These mice express the G2019S mutation in the endogenous mLRRK2 gene. The knockin mutation was generated in codon 2019 thanks to a two base mutagenesis, changing the triplet GGG to AGC or to TCG in exon 41 of the mouse LRRK2 gene. Animals described below are homozygous for the mutation.
Endogenous LRRK2: mutated G2019S
Corresponding human genotype: The G2019S substitution in the LRRK2 gene is believed to be the most common mutation associated with Parkinson’s disease. It is located in the kinase domain of the protein.
Targeted gene: LRRK2
- 3, 12 and 20 months: The levels of mutated LKKR2 protein present in hemi-brain or striatal lysates are the same in mice homozygous and heterozygous and are comparable to levels observed in wild-type animals.
- Up to 22 months: Striatal level of TH is similar to that of wild type animals. No differences in the number of TH-positive cells counted in the SN and no gross changes (hematoxylin eosin, neurofilament or DARPP-32 staining) are observed in the brain of transgenic animals when compared to control littermates.
- 6, 12 and 18 months: Freely moving animals, bearing the G2019S mutation, present lower levels of striatal DA than wild-type mice (awake microdialysis, only at 12 months), although no significant difference is observed ex vivo (post-mortem HPLC).
The levels of DA metabolites (DOPAC or HVA) decrease with age but remain similar in transgenic and control animals.
Amphetamine-induced DA release might be altered in older animals (12 months) but DA, DOPAC and HVA levels are not significantly different.
- 22 months: Quantifications of striatal TH and DA transporters do not differ between transgenic animals and control littermates.
- Up to 18 months: No difference in alpha-synuclein staining is visible in the brain of transgenic mice. However, phosphorylated-tau positive puncta are observed in some old (over 18 months) transgenic mice but not in paired littermate control mice.
- 6 months: No differences are observed in the open field, except a slight tendency for the G2019S animals to travel longer distances than the wild-type animals (only in one study). Motor testing for gait dynamics shows no differences between homozygous and wild type animals. Transgenic animals seem to be more active than the control mice during the bar, drag and cylinder tests and performed better on the rotarod (only significant in one study).

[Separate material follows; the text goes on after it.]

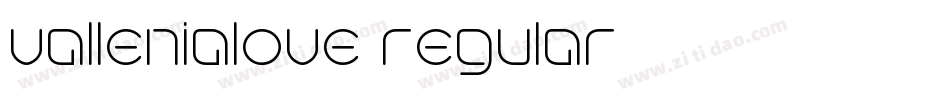 vallenialove regular字体转换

- 12 months: Very limited changes are observed and only within the first 300s spent in the open field: transgenic animals make more entries and spend more time in the centre zone, they also freeze more frequently and for longer periods than their non-transgenic littermates. Motor testing for gait dynamics and rotarod show no differences between transgenic and wild type animals.
- 15 months: transgenic animals are significantly more active in the open field and show better performances on the bar and drag test compared to the control littermates.

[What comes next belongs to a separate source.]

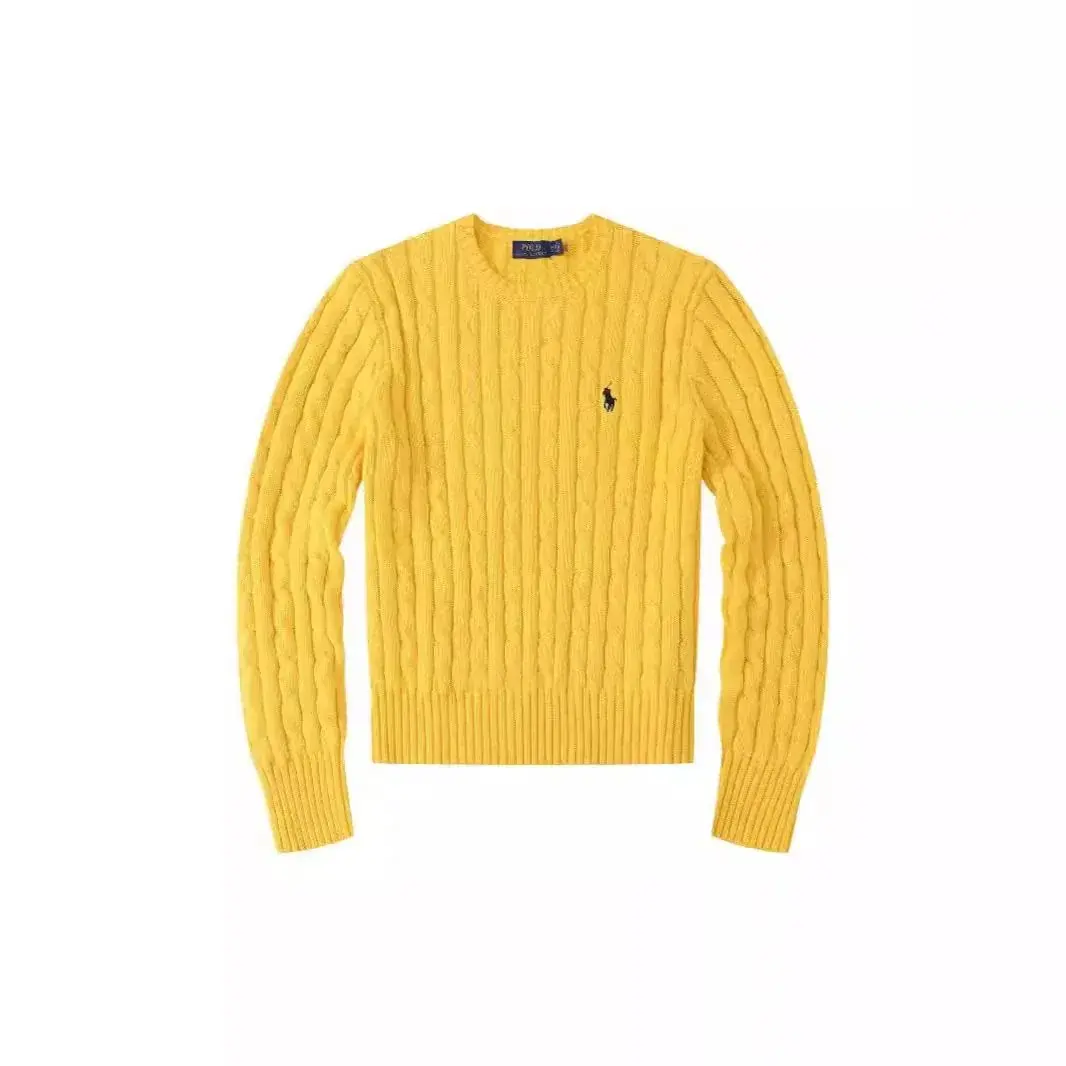 Polo Ralph Lauren Cable-Knit Crewneck Sweater Yellow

Response to dopaminergic treatment
- Not reported
- 6 and 12 months: No differences can be observed between transgenic and non-transgenic animals on any of the following tests: novel object recognition, elevated plus maze, light dark exploration or conditioned fear or Morris water maze suggesting the absence of memory impairment or anxiety.
- 21 days: Changes in the neuronal activity (action potential-dependent synaptic activity) is observed in the medium spiny neurons of transgenic mice.

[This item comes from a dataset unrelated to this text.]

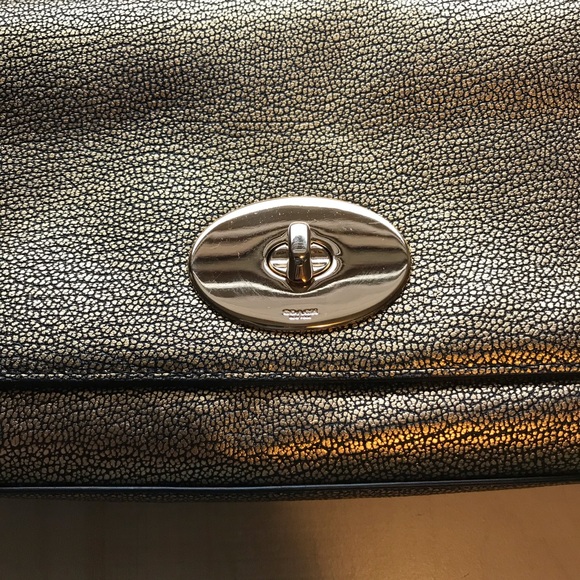 SOLD|Coach Gold Crosstown Leather Purse Bag Small - Picture 3 of 11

- 1-3 months: Increased in glutamate and DA transmission are observed in transgenic animals compared to control littermates (whole-cell patch-clamp recording of striatal medium spiny neurons, only at this young age).
- 6 and 12 months: The intrinsic membrane properties of striatal medium spiny neurons and glutamate release ability are not altered in transgenic animals (ex-vivo whole-cell patch-clamp: membrane capacitance, membrane resistance, and decay time constants). However, transgenic mice show an increased in glutamatergic release frequency.
- Up to 20 months: No visible differences are observed in glia (Iba-1) or astrocyte staining (GFAP).